The vote of confidence was necessitated after Pakistani PM Imran Khan’s finance minister failed to secure a seat in the Senate, leading to questions over the ruling side’s majority and legitimacy to remain in power.

March 05, 2021 / 09:39 AM IST
File image: Pakistan's Prime Minister Imran Khan speaks during a news conference on November 19, 2020. (Image: Reuters/Mohammad Ismail)

File image: Pakistan's Prime Minister Imran Khan speaks during a news conference on November 19, 2020. (Image: Reuters/Mohammad Ismail)


Pakistani Prime Minister Imran Khan on March 4 announced he will seek a vote of confidence from the National Assembly in a bid to restore the legitimacy of his government in the wake of the embarrassing defeat of his Finance Minister Abdul Hafeez Shaikh in the hotly-contested Senate elections.

Under mounting pressure from the Opposition to resign, Khan made the announcement in a televised address to the nation. During the address, the 68-year-old cricketer-turned politician lashed out at the opposition alliance for "making a mockery of democracy" and said he will never let the corrupt off the hook.

Former prime minister Yusuf Raza Gilani, who was a candidate of the Pakistan Democratic Movement (PDM) – a grouping of 11 opposition parties – defeated Pakistan Tehreek-e-Insaf (PTI) candidate Shaikh on March 3, delivering a major blow to Khan who had personally campaigned for his Cabinet colleague. The PDM was set up in September 2020 to challenge Khan’s government.
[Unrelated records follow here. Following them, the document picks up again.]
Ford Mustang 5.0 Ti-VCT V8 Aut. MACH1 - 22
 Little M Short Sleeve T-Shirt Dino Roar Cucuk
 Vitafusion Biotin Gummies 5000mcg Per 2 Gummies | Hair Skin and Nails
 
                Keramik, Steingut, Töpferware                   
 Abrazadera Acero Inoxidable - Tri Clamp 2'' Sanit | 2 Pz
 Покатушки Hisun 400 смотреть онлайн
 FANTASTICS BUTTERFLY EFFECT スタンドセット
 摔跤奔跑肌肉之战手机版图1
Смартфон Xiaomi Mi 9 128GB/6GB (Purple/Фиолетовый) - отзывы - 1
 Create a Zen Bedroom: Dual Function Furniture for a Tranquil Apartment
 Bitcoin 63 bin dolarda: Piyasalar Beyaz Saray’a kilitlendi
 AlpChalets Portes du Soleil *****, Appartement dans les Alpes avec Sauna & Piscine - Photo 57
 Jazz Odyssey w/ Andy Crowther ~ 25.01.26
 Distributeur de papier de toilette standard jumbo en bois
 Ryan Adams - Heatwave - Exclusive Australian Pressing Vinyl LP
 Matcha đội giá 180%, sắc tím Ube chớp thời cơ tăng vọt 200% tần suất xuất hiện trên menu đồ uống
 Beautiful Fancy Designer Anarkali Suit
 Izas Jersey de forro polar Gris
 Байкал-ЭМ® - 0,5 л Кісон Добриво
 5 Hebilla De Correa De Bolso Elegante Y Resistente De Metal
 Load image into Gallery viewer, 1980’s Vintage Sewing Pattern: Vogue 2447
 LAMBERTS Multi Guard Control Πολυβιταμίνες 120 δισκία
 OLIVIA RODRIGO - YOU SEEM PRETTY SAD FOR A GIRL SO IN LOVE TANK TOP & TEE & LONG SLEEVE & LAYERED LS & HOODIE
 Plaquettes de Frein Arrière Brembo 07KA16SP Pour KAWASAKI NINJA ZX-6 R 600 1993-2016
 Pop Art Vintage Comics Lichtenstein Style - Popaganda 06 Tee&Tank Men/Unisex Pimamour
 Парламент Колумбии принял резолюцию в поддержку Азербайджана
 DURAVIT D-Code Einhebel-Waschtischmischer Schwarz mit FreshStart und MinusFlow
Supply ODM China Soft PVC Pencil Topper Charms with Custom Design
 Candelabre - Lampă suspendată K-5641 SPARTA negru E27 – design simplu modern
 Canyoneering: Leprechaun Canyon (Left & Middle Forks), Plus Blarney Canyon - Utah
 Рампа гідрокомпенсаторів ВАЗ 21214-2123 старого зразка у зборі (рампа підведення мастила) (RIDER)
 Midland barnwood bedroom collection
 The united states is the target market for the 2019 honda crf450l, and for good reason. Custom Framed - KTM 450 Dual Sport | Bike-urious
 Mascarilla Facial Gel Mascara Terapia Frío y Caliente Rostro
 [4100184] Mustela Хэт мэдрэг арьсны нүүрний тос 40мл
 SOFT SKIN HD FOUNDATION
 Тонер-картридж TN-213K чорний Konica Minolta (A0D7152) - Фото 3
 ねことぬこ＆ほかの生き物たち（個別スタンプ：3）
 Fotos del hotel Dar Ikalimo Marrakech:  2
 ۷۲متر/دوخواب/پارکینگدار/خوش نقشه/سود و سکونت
"I will take a vote of confidence the day after tomorrow (on March 6). I will ask my members to show if they have confidence in me. If they say they have no confidence, I will sit on Opposition benches," Khan said.

"If I am out of the government, I will go to the people and bring them out to continue my struggle for the country. I will not let these traitors (who plundered the country) sit in peace. I call them traitors because they are looters,” Khan said.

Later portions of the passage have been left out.